Tesuque PuebloTesuque Pueblo was one of three main makers of fine painted pottery during During the 18th and 19th century.
The name Tesuque is a Spanish variation of the Tewa name, Te Tesugeh Oweengeh, meaning the “village of the narrow place of the cottonwood trees.” Tesuque, one of eight northern pueblos, is located just north of Sante Fe, New Mexico. When the Spanish arrived in 1541, they found six villages including the original Tesuque village, which was located about 3 miles east of today’s village. The Tesuque warriors struck the first blow during the Pueblo Revolt of 1680 when two of their messengers were captured by the Spanish.
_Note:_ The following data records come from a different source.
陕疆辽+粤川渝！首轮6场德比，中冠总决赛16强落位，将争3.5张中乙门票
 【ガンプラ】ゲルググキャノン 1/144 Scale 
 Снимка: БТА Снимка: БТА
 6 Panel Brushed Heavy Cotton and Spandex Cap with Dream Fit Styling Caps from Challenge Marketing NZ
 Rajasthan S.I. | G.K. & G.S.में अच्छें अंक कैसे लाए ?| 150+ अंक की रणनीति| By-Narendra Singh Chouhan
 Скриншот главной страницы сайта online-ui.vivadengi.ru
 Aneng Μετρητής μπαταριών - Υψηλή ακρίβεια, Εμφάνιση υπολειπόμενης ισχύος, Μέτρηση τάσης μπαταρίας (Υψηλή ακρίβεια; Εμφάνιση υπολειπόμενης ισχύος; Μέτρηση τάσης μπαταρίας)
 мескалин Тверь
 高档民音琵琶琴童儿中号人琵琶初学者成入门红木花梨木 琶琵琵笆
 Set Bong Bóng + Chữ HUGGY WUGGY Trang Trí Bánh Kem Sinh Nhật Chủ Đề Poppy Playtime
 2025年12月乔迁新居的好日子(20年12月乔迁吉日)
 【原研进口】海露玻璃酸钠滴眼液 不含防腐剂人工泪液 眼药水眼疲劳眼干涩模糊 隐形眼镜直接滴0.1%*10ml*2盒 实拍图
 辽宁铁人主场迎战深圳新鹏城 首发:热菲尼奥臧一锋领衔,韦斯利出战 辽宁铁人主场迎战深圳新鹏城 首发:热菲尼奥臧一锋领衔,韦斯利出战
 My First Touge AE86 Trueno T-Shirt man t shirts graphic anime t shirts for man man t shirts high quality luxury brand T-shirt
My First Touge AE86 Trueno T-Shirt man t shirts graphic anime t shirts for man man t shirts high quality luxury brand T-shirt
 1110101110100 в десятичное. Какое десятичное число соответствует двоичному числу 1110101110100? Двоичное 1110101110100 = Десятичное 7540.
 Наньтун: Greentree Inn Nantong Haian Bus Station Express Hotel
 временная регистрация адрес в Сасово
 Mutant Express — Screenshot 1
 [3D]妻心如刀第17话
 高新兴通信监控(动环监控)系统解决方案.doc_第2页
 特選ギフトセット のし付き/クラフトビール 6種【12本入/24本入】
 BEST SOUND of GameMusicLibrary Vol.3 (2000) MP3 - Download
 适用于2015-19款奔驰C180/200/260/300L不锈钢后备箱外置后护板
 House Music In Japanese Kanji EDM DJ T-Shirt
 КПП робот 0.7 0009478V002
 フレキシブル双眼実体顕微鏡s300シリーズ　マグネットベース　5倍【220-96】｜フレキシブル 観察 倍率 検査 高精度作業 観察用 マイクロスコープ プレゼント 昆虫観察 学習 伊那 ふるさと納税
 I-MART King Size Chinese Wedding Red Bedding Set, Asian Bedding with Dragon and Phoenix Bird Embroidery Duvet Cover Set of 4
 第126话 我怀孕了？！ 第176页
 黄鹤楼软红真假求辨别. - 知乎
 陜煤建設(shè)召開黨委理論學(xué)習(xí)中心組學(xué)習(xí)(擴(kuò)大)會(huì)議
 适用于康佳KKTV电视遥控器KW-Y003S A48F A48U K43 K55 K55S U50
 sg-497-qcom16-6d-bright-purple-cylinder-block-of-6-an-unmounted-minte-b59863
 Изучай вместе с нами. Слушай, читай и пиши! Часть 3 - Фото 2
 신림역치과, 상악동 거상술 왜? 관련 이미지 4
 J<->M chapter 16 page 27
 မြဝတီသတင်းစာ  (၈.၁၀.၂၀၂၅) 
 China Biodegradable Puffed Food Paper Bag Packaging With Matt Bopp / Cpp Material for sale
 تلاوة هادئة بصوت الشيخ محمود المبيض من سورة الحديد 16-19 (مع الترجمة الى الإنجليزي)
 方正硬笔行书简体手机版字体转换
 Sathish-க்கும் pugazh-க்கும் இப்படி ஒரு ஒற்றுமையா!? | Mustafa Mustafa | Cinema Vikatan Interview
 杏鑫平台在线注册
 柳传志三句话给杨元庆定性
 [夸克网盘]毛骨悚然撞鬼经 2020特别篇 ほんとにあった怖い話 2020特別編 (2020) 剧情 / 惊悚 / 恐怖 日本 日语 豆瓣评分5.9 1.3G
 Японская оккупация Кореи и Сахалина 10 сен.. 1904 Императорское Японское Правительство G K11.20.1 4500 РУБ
By 1920 traditional pottery had become history at Tesuque. Production had switched over to the mass manufacture of rain gods, strange little creatures that looked like space aliens holding buckets on their laps. The Gunther Candy Company of Chicago gave them away as promotional items. By 1930 the Tesuque potters embraced brightly colored poster paints and traditional motifs all but disappeared. The color was dazzling but any attempt at quality was virtually non existent. By the 1960’s there were signs of a revival but it was slow in coming.
Terry Tapia, Ka’ Ween, and Bea Duran reintroduced quality in the 1980’s and reestablished a market for Tesuque pottery that blossomed in the 1990’s.